Dartmouth was hurt in the model due in large part to losing 21 early goals when Drew O’Connor signed early. If you add those 21 goals back onto the roster, Dartmouth’s projected KRACH ranking jumps to 48.8, and would project them to finish No. 43 in the nation.
And in reality, they lost more than 21 goals, because O’Connor would have improved entering his junior year. If he returned, our model would have projected him to score 24 goals this season.

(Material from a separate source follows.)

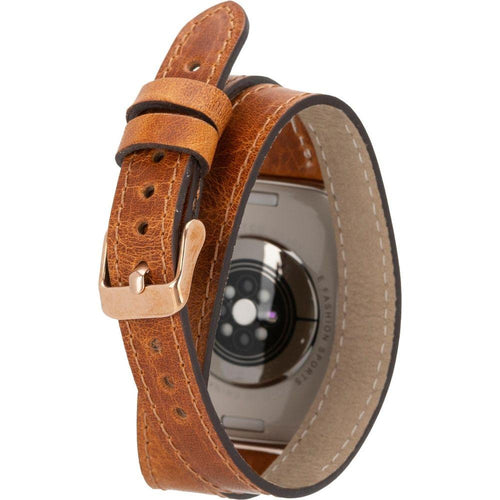 Load image into Gallery viewer, Syracuse Double Tour Leather Bands for Apple Watch 9, Ultra 2 and SE-19
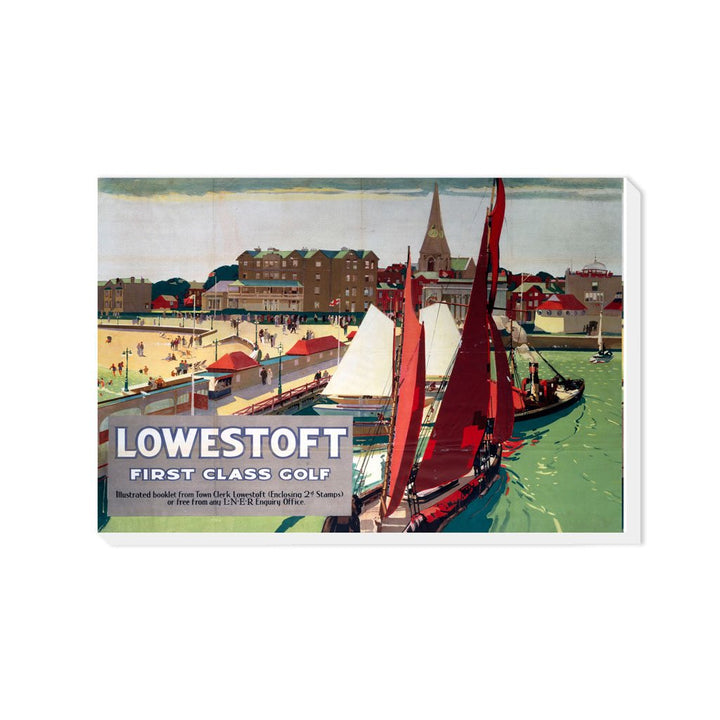 Lowestoft First Class Golf - Canvas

You add all of that offense lost (28% more than the national average) to the fact that the Big Green will have a new starting goaltender, and our model believes that’s going to result in a big drop in goal differential. Last season Dartmouth was outscored 93-106 (-13) and our model predicts a differential of 66-138 for this season.
Again, is this model perfect? No. And I don’t personally believe that Dartmouth will fall this far, but I do agree that they will take a step back.
There are also a lot of unknowns, particularly at goaltender. We’re projecting that the Big Green post an .895 save percentage. If the starter — say it’s freshman Clay Stevenson — posts a .915 save percentage instead, then Dartmouth would jump up to No. 49 in our rankings. It’s still not great, but it would only be a seven-spot drop from last season despite losing a sophomore who was a 21-goal scorer to the NHL.
59. Mercyhurst (+1 spot)
Last Season: 7.9 (60th)
Projected: 18.9 (59th)
The loss of Garett Metcalf can’t be understated, because he kept a bad team in a lot of games last season. The Lakers are going to need someone — and my guess is that it will be freshman Kyle McLellan — to step into that massive void.
Elsewhere, Mercyhurst does return a little more than 80% of its scoring. The only problem is, they didn’t score a lot last season.
Still, our model predicts that the Lakers’ goal differential will improve a whopping 61 goals, from 68-158 (-90) to 90-109 (-29).
60. Canisius (-5 spots)
Last Season: 25.0 (55th)
Projected: 17.0 (60th)
Canisius returns 60.22% of its goals from last season, which is almost 12 percent less than the national average. The Griffins had a team save percentage of .890 last season but freshman Jacob Barczewski posted a .905 save percentage in his 28 starts. Our model projects that their save percentage will improve over last year, but it won’t be enough to bridge the gap with the lost scoring.
Canisius was outscored 93-122 last season and our model predicts that they’ll get outscored 78-131 this season (the model expects that, given the players lost, they’ll allow more shots this season which is why it’s projected that they’ll allow more goals despite improving overall save percentage). The model doesn’t account for ties, but did project that Canisius will finish with a 9-25-0 record, and last season the Griffins finished 10-26-6.
61. Long Island (n/a)
Last Season: n/a
Obviously, there’s no data on LIU, so they begin the season ranked No. 61 by default. But, there’s the potential for the Sharks to be better than last in their first season, and that’s all due to the work head coach Brett Riley put into assembling his roster.
Garett Metclaf is a more-than-capable goaltender who is used to being under siege, transferring in from a Mercyhurst program that allowed the most shots in the nation last season. In fact, all three of LIU’s goaltenders are transfers, so all of them have collegiate experience.
I wrote about Nolan McElhaney the other day, and I think he has the potential to be a stud for LIU if he can stay healthy and Mitch Meek brings a lot of experienced minutes to the defensive corps. as a grad transfer.
It feels like LIU has built its roster from the net out, which is obviously smart. Again, there’s no data to consider here, but I think they’ll have nights where they’ll cause problems for opponents. The question will just be whether or not they can score enough goals to cause those problems consistently.